Heimlich Gespräche aufgezeichnet: Angeklagte bringt sich selbst in die Bredouille
Um sich zu entlasten, überreichte der Angeklagte dem Vorsitzenden eine CD mit Mitschnitten von Gesprächen seiner Eltern, die von den Aufnahmen jedoch nichts wussten. Doch dieser Entlastungsversuch ging nach hinten los: "Das ist eine Straftat", belehrte ihn der Vorsitzende. Denn nach Paragraf 201 des Strafgesetzbuchs sei es verboten, das "nicht öffentlich gesprochene Wort" aufzunehmen. Der Angeklagte verzichtete daraufhin auf eine Wiedergabe der Gespräche in der Hauptverhandlung und vermied so ein weiteres Strafverfahren gegen ihn.
Den elterlichen Hof hat er nie verlassen. Nach seiner Ausbildung zum Mechaniker arbeitete er in verschiedenen Firmen, wurde aber schließlich wegen Auftragsmangels gekündigt. Seitdem arbeitet er in dem landwirtschaftlichen Betrieb der Eltern mit, repariert nach eigenen Angaben Fahrzeuge und Maschinen, macht Holz für den Winter und versorgt die Tiere. Offiziell angestellt sei er nicht. Er erhalte Essen, Kleidung und Unterkunft und der Vater bezahle ihm die Krankenversicherung. "Das ist ein Teufelskreis, das macht doch keine Frau mit", stellte der Vorsitzende fest.
Doch aus seinem Elternhaus auszuziehen und eine Arbeitsstelle anzutreten, kommt für den gelernten Mechaniker nicht in Frage.

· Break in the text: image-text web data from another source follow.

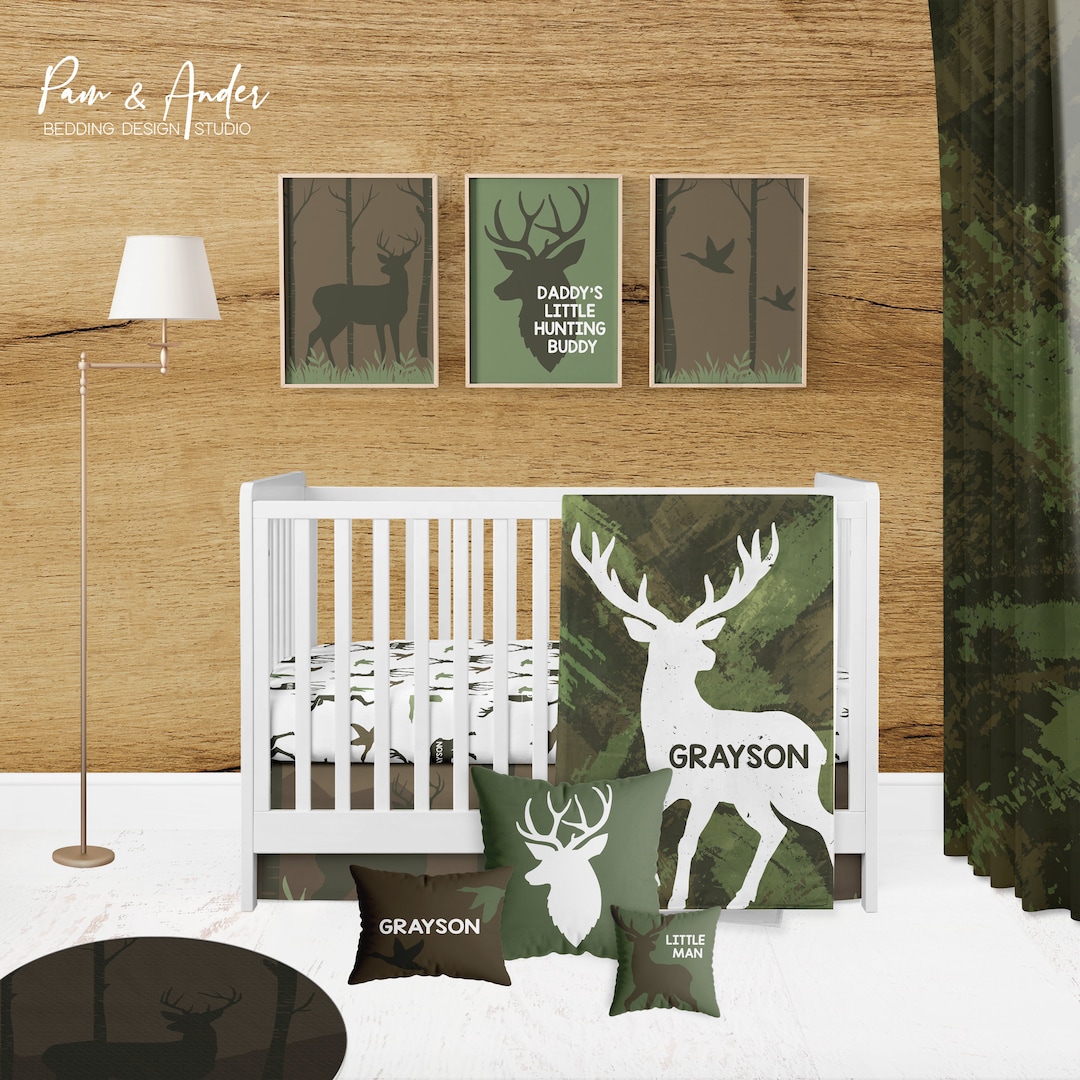 Hunting Baby Bedding, Deer Hunting Crib Bedding Set, Boy Crib Bedding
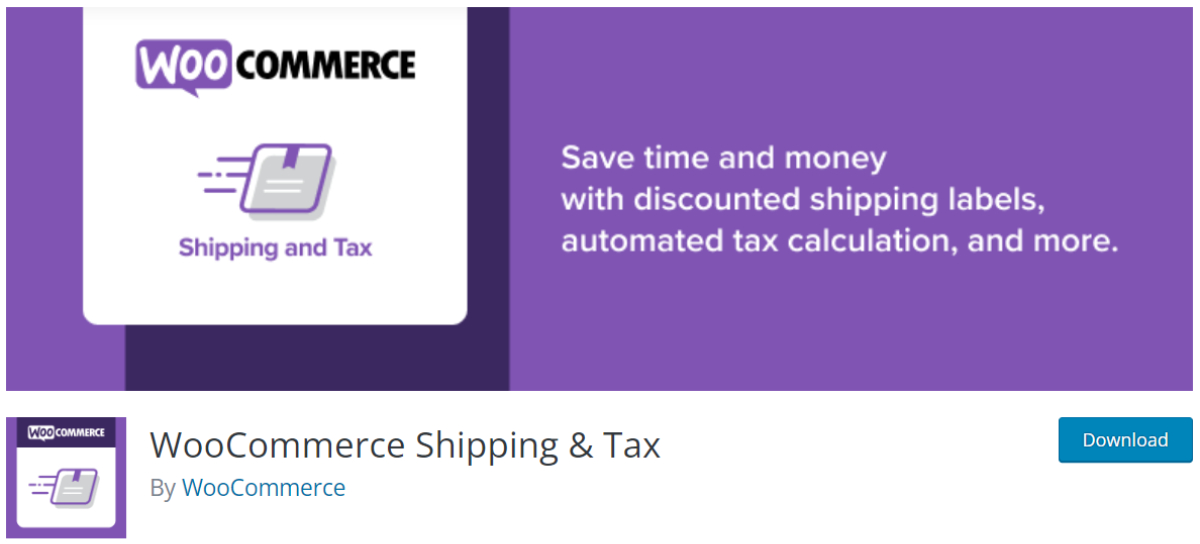 WooCommerce Shipping & Tax plugin page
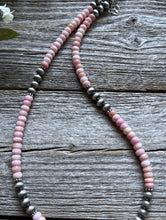 Load image into Gallery viewer, Southwestern Sterling Silver Pink Conch 6mm Pearls Bead Necklace 18 Inch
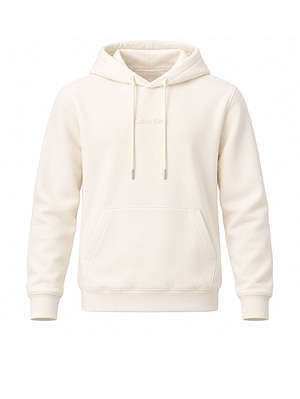 CALVIN KLEIN ls holiday gift giving hoodie tofu קפוצון בצבע שמנת לוגו טון על טון במרכז המוצר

Zu sehr liegen ihm die Tiere am Herzen: "Ich war einmal zwei Tage weg, da schwammen die Kälber im Mist", schilderte er dem Gericht.
Richter empfiehlt dem Vater, dem Sohn Lohn zu bezahlen
Um den Eltern eine Aussage vor Gericht gegen ihren Sohn und damit wohl eine Schlammschlacht zu ersparen, bot der Vorsitzende dem Angeklagten an, die Tagessatzhöhe auf 20 Euro – und die Strafe damit auf 600 Euro - zu reduzieren, was der 39-Jährige akzeptierte. Rund 1500 Euro habe er noch auf seinem Girokonto – aus früheren Arbeitsstellen, gab der Angeklagte zu Protokoll. Weiteres Vermögen habe er nicht. Den Hof werde er einmal nicht erben. Er erhalte nur seinen Pflichtteil. Dem Vater empfahl der Richter, seinen Sohn zu entlohnen. "Sie sind nicht der Knecht", gab er dem Angeklagten mit auf den Heimweg, den die Familie gemeinsam antrat.